Anna Lami intervista Alessandro Mustillo
Pubblichiamo questa intervista ad Alessandro Mustillo, segretario del Fronte della Gioventù Comunista, comparsa negli scorsi giorni sul sito Megachip.info, interessante per diversi aspetti. Il Fronte della Gioventù Comunista era una delle realtà presenti nel No Monti Day il cui spezzone si distingueva per partecipazione giovanile e compattezza militante. Nato da un appello di Senza tregua, collettivo studentesco romano, il Fronte della Gioventù Comunista “ha marcato come propria caratteristica fondamentale l’autonomia dai partiti esistenti” come si può leggere nel documento fondante dell’organizzazione. Si tratta inoltre dell’unica organizzazione giovanile attualmente presente nel panorama italiano che pone esplicitamente la questione dell’uscita dall’Unione europea. Alessandro Mustillo fa parte della Direzione nazionale di Comunisti Sinistra Popolare, l’organizzazione italiana più vicina al Kke di Grecia.

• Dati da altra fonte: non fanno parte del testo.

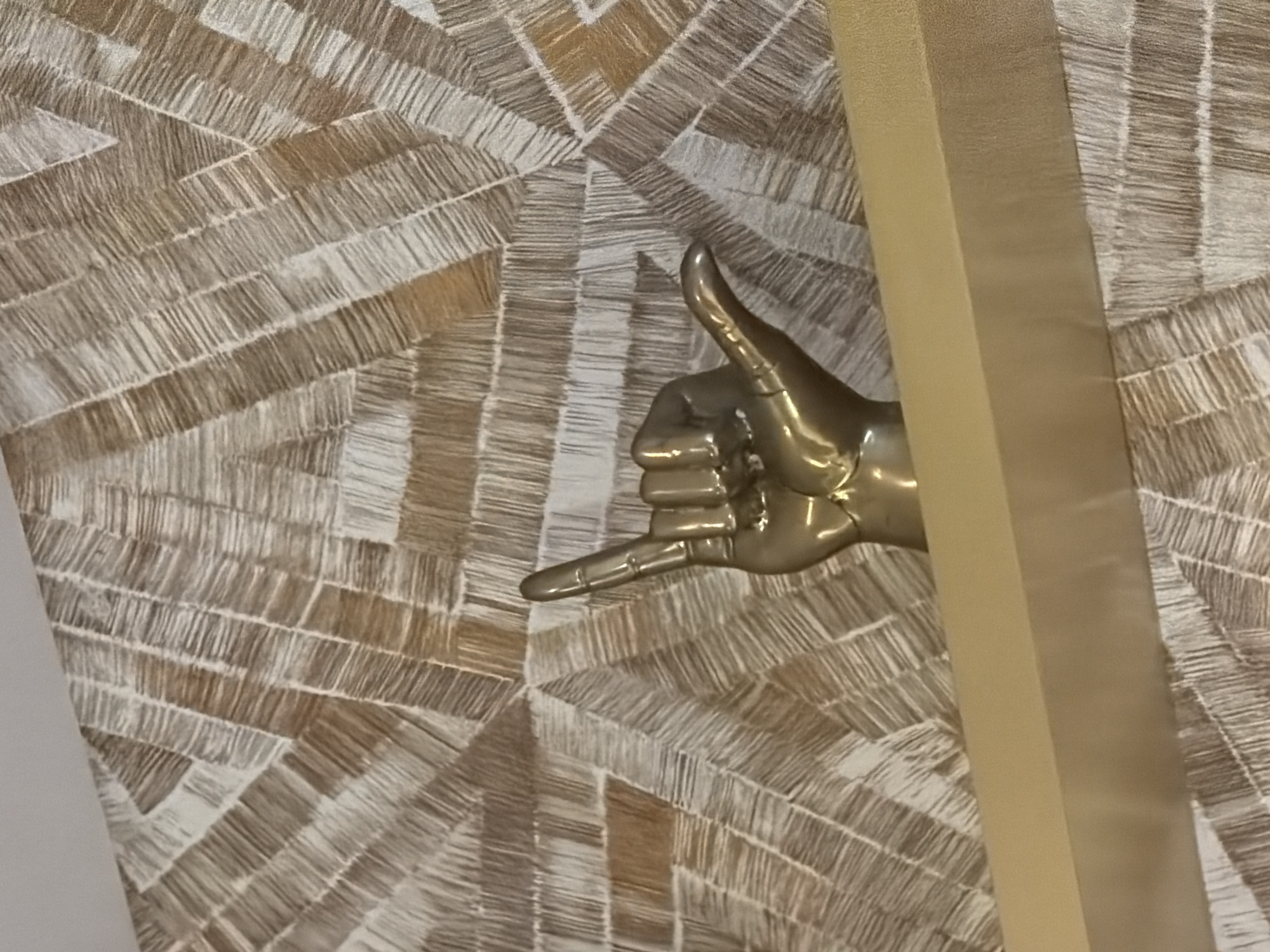 The image features a stylized gold-colored hand making a "shaka" sign, often associated with Hawaiian culture and meaning "hang loose." The hand is positioned in front of a patterned background with geometric shapes in beige and brown tones. A gold rectangular object is partially obscuring the hand. The environment and subjects suggest this could be an interior decor element. Without additional information, a precise location in Kuta, Indonesia cannot be determined.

D. Puoi spiegare ai nostri lettori che cos’è il Fronte della Gioventù Comunista, da quali esigenze ha preso forma, e per quale ragione una tra le organizzazioni giovanili, tra le più rappresentative a livello di studenti medi, sceglie ancora oggi di definirsi comunista?

R. Il Fronte della Gioventù Comunista è nato lo scorso giugno da un appello di Senza Tregua, il collettivo studentesco romano, e si propone di organizzare i giovani lavoratori, gli studenti e gli universitari per lottare contro il capitalismo. L’idea è stata quella di superare la frammentazione nell’area comunista e a partire dai giovani dare il via ad un progetto che unisse indipendentemente dalla provenienza politica, tanto da collettivi ed organizzazioni indipendenti, quanto dai partiti esistenti. Il Fronte è il primo progetto di ricomposizione da vent’anni a questa parte e ci è sembrato importante che i giovani fossero i primi a realizzare qualcosa di effettivo in questa direzione. Di fronte alle sfide che la crisi ci impone, non possiamo continuare a presentarci divisi in miriadi di collettivi, gruppetti, organizzazioni più o meno grandi. L’attacco del capitalismo è impressionante e solo se organizzati possiamo vincere.

Credo sia per questo che molti giovani oggi tornano a definirsi comunisti, nonostante la campagna ideologica che per venti anni è stata condotta contro le nostre idee. Quando con la fine dell’URSS e del socialismo reale abbiamo subito un vero e proprio bombardamento mediatico, culturale e politico contro il comunismo, in realtà l’obiettivo non era analizzare criticamente quanto accaduto, ma inculcare l’idea che non era possibile alcuna alternativa al capitalismo. Un processo al futuro, ad un’idea stessa di cambiamento, che è oggi attualissima di fronte al fallimento evidente del capitalismo. I giovani si avvicinano alle nostre idee perché sanno che col capitalismo non c’è futuro. C’è solo distruzione, guerra e sfruttamento.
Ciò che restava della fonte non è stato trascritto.